Disclaimer: I own nadda. What did you expect? Jo?
A/N: This didn't turn out how I wanted it to, and eventually became the drabble you see here. Criticism wanted and expected. I wanna know what you think. This is from Fred's POV, obviously. Enjoy.
We loved pranking, George and I. Making people laugh was what we lived for; rules and schoolwork were nothing but obstacles in our path. No Prefect or Professor could stop us. House Points were meaningless, and when it really came down to it, quidditch wasn't as important. Rather, our hearts belong to the art of comedy, jokes and laughs abound.
But we never meant to hurt anyone.
For a long time we didn't, either. It was a pink kitchen here, a canary cream there. Little things that would only lose us house points, and get us detention now and again. We might have had an entire drawer in Filch's filing cabnit to ourselves, but like I said, little things. No one was really bothered except maybe Snape, Percy, and Mum. But everyone else found at least a few of our pranks funny. And I think that's what kept us going, kept pushing us closer and closer to crossing the line.
There was a line, though. Unfortunately we didn't see it.
I still remember a time when calling the incoming students Ickle Firsties was as harsh as our insults got; when slipping a bit of color-changing powder into Alicia's drink was one of the more advanced pranks. Things do change, though in this case I'm not exactly sure where the change was. I suppose we had been doing what was considered wrong since joking became our passion, but we were never aware of it. Nobody said anything, either.
I think the time we really started feeling guiltly was seventh year. A lot changed then, and most of it wasn't good. Our school was taken over by an evil toad-woman, our Headmaster long gone. We were banned from quidditch, and would have been expelled for setting off fireworks all over the entire school grounds and turning a corridor into a swamp had we not escaped on broomsticks in front of the student body and staff, and gone to open our joke shop.
But before all that, we did some things. Things that now, I'm even sure why I did them. If I asked him, I'm pretty sure George wouldn't know either. And I know those kinds of things.
If you look back on our seventh year, some might think it was the girls, Angelina, Alicia and Katie, and Lee that pointed things out. But it wasn't. At least, not the ones that directly told us. No, as hard to admit as it is, that was Mum. It was Mum who finally could take no more and sat us down to talk. But it wasn't anything either of us wanted to hear. Got us thinking, though. And that's all she knew she needed to do.
She made us think about all we had done, and not in that motherly way, you know, when they tell you to sit in the corner? No, it wasn't like that. We sat at the table like civilized adults. Dad was at work, and Ron and Ginny were still at Hogwarts. Business was booming for us, and we honestly couldn't see what was so wrong.
Then she explained things.
Least to say, we didn't like what we were hearing. She asked us about a few of our pranks and tricks, telling us that we weren't going to get in trouble for what we had done. Not that she could really do anything anyway, but Mum, in my personal opinion, is scarier than You-Know-Who any day.
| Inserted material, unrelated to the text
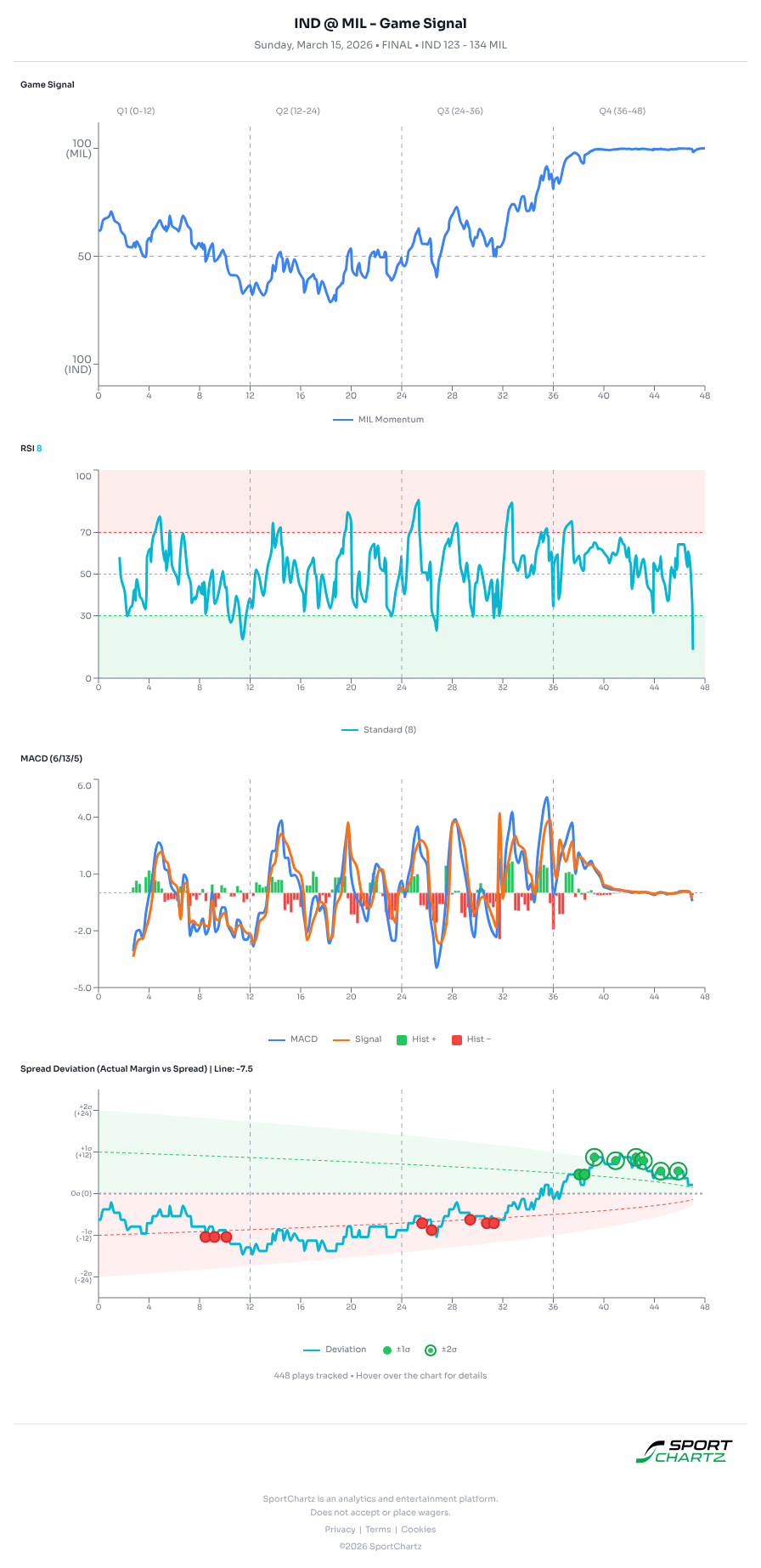Indiana vs Milwaukee market analysis Mar 15 chart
We told her about the canary creams, our fireworks. The Skivving Snackboxes, and a few quidditch pranks no one knew we were behind. We spilled on our kitchen disasters, and the reason why the Headless Knight Armor was headless. How we had shoved Montague into a vanishing closet that wasn't made for vanishing, and how he had turned up two days later shoved into a toilet. We at last explained the corridor swamp, and several other pranks we had accomplished over the years.
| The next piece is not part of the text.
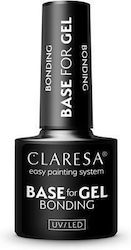 Claresa Bonding Top- und Base-Mäntel
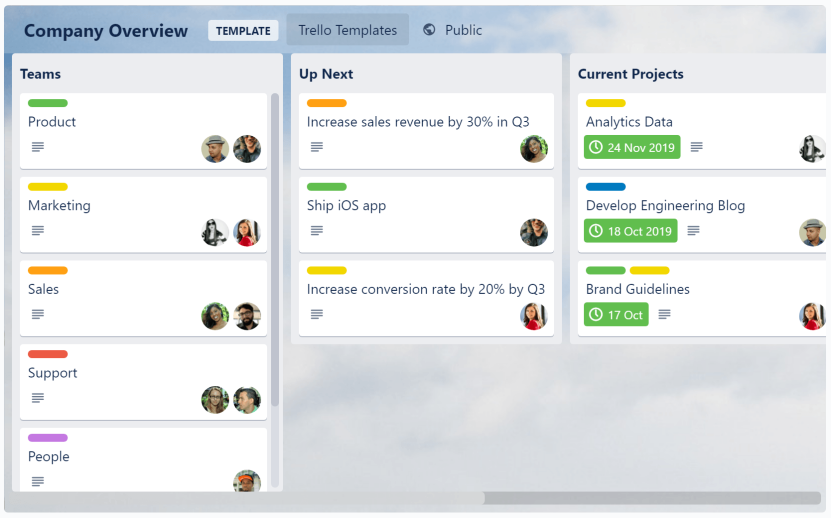 เทรนด์การตลาดเนื้อหาปี 2021: เนื้อหาเทมเพลตของ Trello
I think it was the vanishing closet she talked to us most about. Told us that if they hadn't found him in time, what would have happened? He wouldn't be around, that's what. Even if he was a slimy, good for nothing git, George and I didn't want him... We didn't want him to die. I remember that he had been in the Hospital Wing for a week after that. But it was nothing new. People were always getting sent to the Hospital Wing after our pranks.
People were always getting hurt because of our pranks.
We don't prank as much anymore. The joke shop still sells, but everyone says we've lost our touch. Lost the gleam in our eye and the heart to keep joking. We could prove them wrong, if we really wanted to. But there isn't any point. Words are just words. They've never meant anything to us, and they never will. Call me paranoid, but I just don't want someone getting hurt. Again. I don't think we could take the guilt. It's hard enough dealing with eighteen years of it, we don't need any more.
We loved pranking, George and I. Making people laugh was what we lived for; rules and schoolwork were nothing but obstacles in our path. No Prefect or Professor could stop us. House Points were meaningless, and when it really came down to it, quidditch wasn't as important. Rather, our hearts belong to the art of comedy, jokes and laughs abound. But like I said: We never meant to hurt anyone.
The line is back now. This time we see it.
And this time, we aren't going to cross it.